Antique dealer and hyperactive collector Axel Vervoordt, based in Schilde,
Antwerp province, constructed one of the most impressive exhibitions at
the previous Biennale (Infinitum), and with Tra, Edge of Becoming he’s at
it again. Tra (“art” read backwards, but also a prefix that means “beyond”)
presents works by almost 160 artists.
These are mostly contemporary (Gerhard Richter, Michaël Borremans,
Anish Kapoor) and include some big names (Paul Klee, Man Ray, Alberto
Giacometti), but also Joos Van Cleve, a Renaissance painter from Antwerp
or Pieter de Hooch, a 17th-century Dutch master are not out of place.

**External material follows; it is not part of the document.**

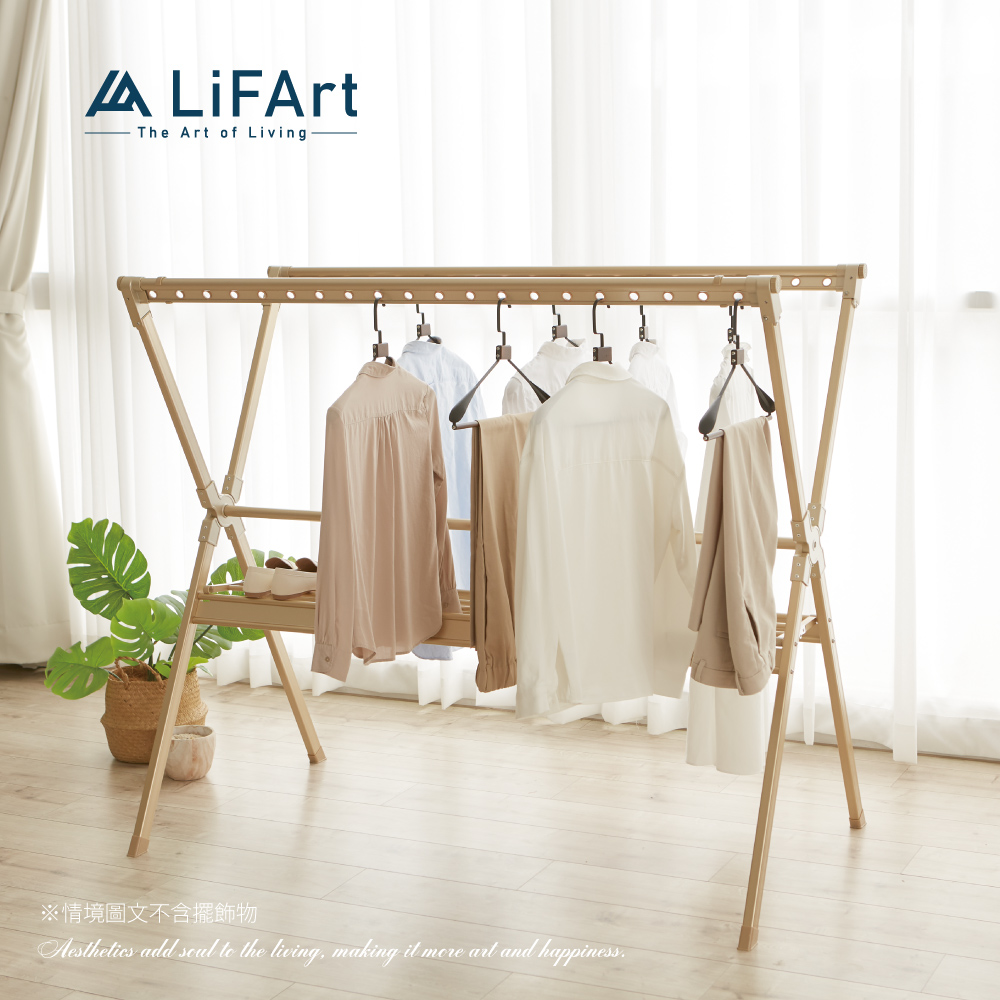 【LiFArt】頂級鋁合金雙桿伸縮X型曬衣架-2.5M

In the beautiful, labyrinthine Palazzo Fortuny, the works are thematically
grouped because “TRA will enhance their secret relationships, their
capacity to echo meaning, their power of reverberation.” You can try
and decipher the different metaphors and symbols the curators created
by grouping them. But you can also just enjoy the works: paintings,
sculptures, photos and video installations.
www.tra-expo.com
Angel Vergara is a francophone Belgian painter with Spanish roots,
and his exhibition was curated by Flemish colleague Luc Tuymans: The
Belgian Pavilion at the Guardini stresses national unity. To avoid linguistic
disputes, the Flemish and French-speaking communities alternately
select an artist for the Biennale. This year is the francophones’ turn, but
more than ever it’s a Belgian choice, symbolised by the flags flapping on
top the pavilion. One flagpole holds the Belgian flag, the other one both
the Flemish and Walloon flags.
But what about art? Vergara created one large new work, “Feuilleton”,
which occupies the entire pavilion and is based on the seven deadly
sins. He presents a perpetual stream of (news) images, shown on seven
screens. But he also paints on the images, and the visitor is welcomed to
the pavilion by a freshly made fresco: a combination of wild brushstrokes
and the names of the different sins. At the opening of the Biennale, it
was rumoured that the Belgian Pavilion was one of the favourites for the
Golden Lion, but it didn’t win the prize.
www.labiennale.org
In the late 1990s, Koen Vanmechelen launched his Cosmopolitan
Chicken Project (CCP), for which he crossbreeds poultry of different
species. In Nato a Venetia (Born in Venice), the 15th generation (the
Mechelse Fayoumi) sees, literally, the light of day. The CCP flourishes
on the crossroads between art and science, so it doesn’t come as a
surprise that Nato a Venetia is shown at Palazzo Loredan, which houses
the Venetian Institute for Science, Literature and Arts.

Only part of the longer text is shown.